Like all such reports, it says exactly what you think, and disagrees with everything that the opposition says — and visa-versa.
There was however a table there, which was highlighted on Twitter and looked very interesting as it seems to suggest a correlation exists, which has been supported by anecdotal comments I have been told by some railway firms.
What was striking was the list of cities in the UK ranked by the percentage of their population employed by a company that was also headquartered in London.
So, these can be considered to be the regional outposts of the London HQ.
What seemed to be showing up was that those locations with a high level of local employment by a London based firm also had good transport links to London.
It is easy and reliable for staff at the London head-office and at the regional outposts to meet up. Cheap, probably not! But fast and reliable yes.
When you look at the less well performing cities, even those which are geographically not much worse in terms of physical location seem to do poorly because of the lack of decent rail links.
As was also noted in the twitter debate, the rail links might exist, but they might be indifferently operated with too few trains per hour to make it an attractive option to businesses who often prize reliability more highly than simply shaving a few pennies off the travel budget.
Now, this seems to fit in with some conversations I have had over the past few years during my site visits to see the redevelopment of the King’s Cross station, and the surrounding area.
The cleaning up of the railway station, and the improvements to the railway service were absolutely critical to the regeneration of the space behind. Although there’s no explicit evidence that companies such as Google chose King’s Cross over another location because of the railway, everyone at Network Rail and the rail operators I spoke to suggested that it was a very big factor in the discussions.

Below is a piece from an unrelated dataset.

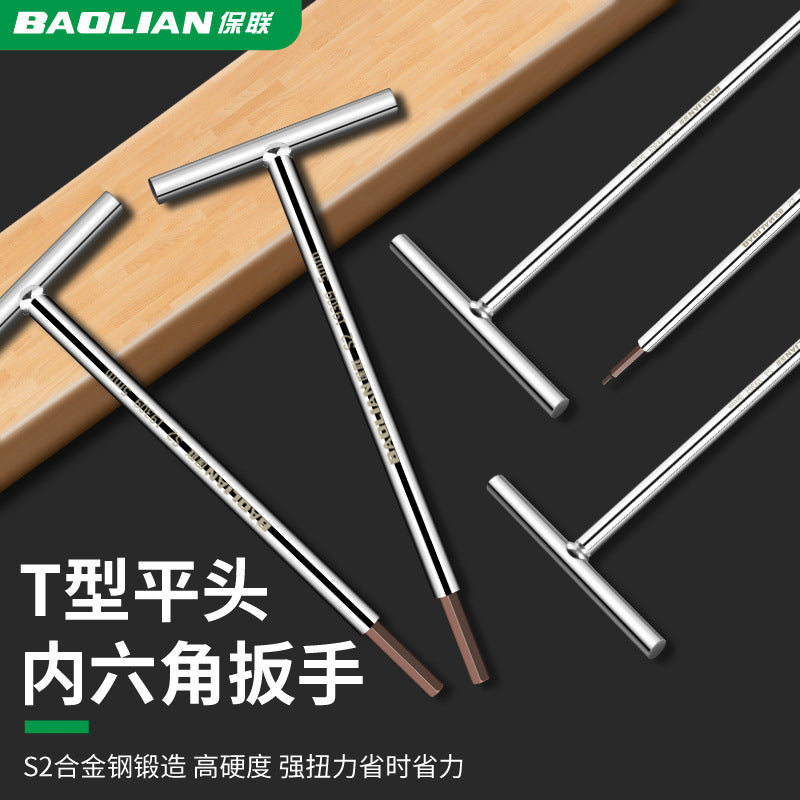 Baolian t-type long hexagonal wrench super hard steel edge hexagonal screw tool knife 3 4 5 6mm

Managers don’t want to start their trips by hanging around dirty unloved buildings and travel on run down train lines. Managers also don’t want their staff doing the same. It affects staff morale, which affects work productivity.
So substantial improvements in railways in London encourages companies to locate close to the railways, and gives them the confidence that they can quickly and reliably nip “up north” to regional centers for meetings.
It is the railway improvements in London that seem — anecdotally — to be helping preserve job creation outside London by otherwise London-centric employers.
These railway improvements need to spread to the regions as well. It’s all very well a Google exec having a nice railway station in London, but if the destination station isn’t, well, frankly “a destination building”, then a lot of that effort can be wasted.
We are humans, and subject to human frailties, and if you travel from the bright lights of London and arrive in a shabby tired station in the regions, it will colour your opinion of the area.
As much of the debate is about how the regions can improve their job creation and stop the great sucking sound coming from the big city, then what is needed is to improve the transport links to the big city.
Some, many indeed, argue that improved transport links to London encourages people to move to the city, but the chart above seems to show the opposite — good transport links encourages London firms to diversify and create local jobs.
Make it possible to work in the regions by making occasional travel to London a viable alternative to having to live there.
After all, it can be quicker to get from King’s Cross to Milton Keynes than it can to some parts of South London!
Obviously, that is part of the appeal of HS2 — to boost the capacity and reliability of the railway network so that the regions can compete more effectively against London, by, being less of a hassle to get to when travelling from London.
Making it High-Speed as well adds little to the cost, so might as well do that at the same time.
It could be that a great rail renewal in the UK will be itself a far bigger driver of regional employment growth than any host of government initiatives could ever come up with.